Michael Webb founded Sales Performance Consultants to create a data-driven alternative to the slogans and shallow impact offered by typical sales training, sales consulting, and CRM companies. Michael helped organize and delivered the keynote speeches for the first conferences ever held on applying Six Sigma to marketing and sales. Connect with me on LinkedIn.

Click Here to Leave a Comment Below
Dale Underwood - December 15, 2007 Reply

Michael,
Great article but I see a possible problem in this logic. You stated that before we “pull the trigger” as business consumers we want to:

“1) You want to be satisfied that your problem (and its solution) is correctly identified
2) You want to be confident of your value judgments, including
A. How you and others you know will feel about the decision, and
B. Whether it is worth the asking price
3) You want to be confident that you have not missed anything important, that the chances of making a mistake are low
4) You want to be ready; the timing of the deal needs to make sense to you”

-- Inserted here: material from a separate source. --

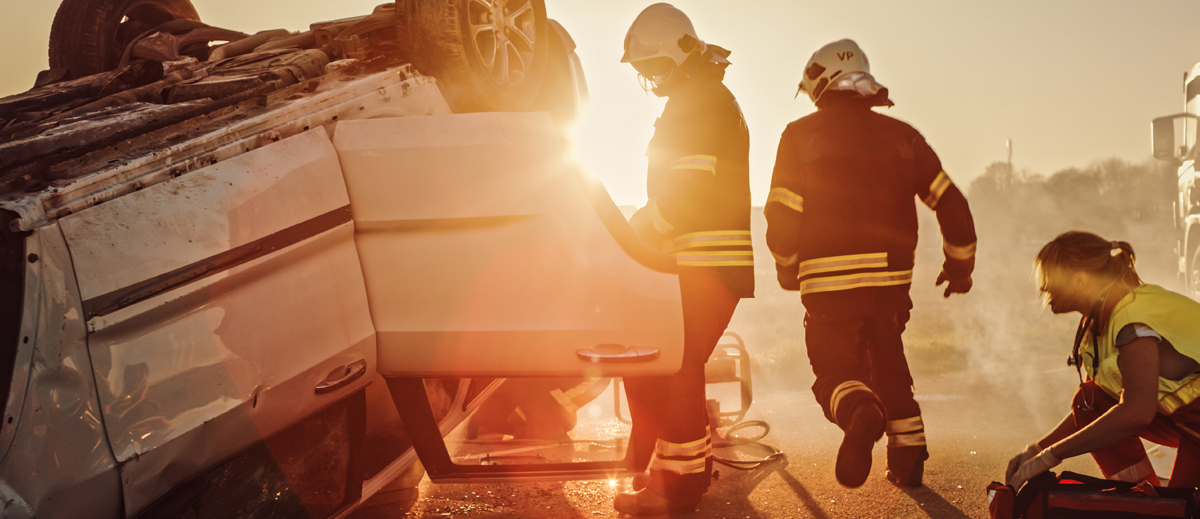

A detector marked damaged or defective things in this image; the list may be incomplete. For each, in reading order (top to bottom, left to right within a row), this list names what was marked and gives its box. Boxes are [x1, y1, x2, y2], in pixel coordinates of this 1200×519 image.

overturned vehicle [0, 1, 688, 519]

2.B is a problem because most B2B companies do not have a mechanism to provide the “asking price” without contacting sales…which they are reluctant to do during the research phase. It’s the classic chicken or the egg problem.

Dale

Michael Webb - December 16, 2007 Reply

Dale,
I’m affraid I don’t understand the problem you are trying to point out with the logic …

1) of course, B2B companies have to talk with the sales department to learn prices, and
2) they are reluctant to do during the research phase (because the sales department might make them uncomfortable). So, how does this change the situation? Someone who is buying something is still in the same position.

Buying and selling is the process by which people deal with conflicting interests. This means regardless of what you do, there will be things that one side or the other don’t like.

As far as I can tell, your chicken vs egg analogy confirms the logic of things rather than contradicting it. Am I missing something?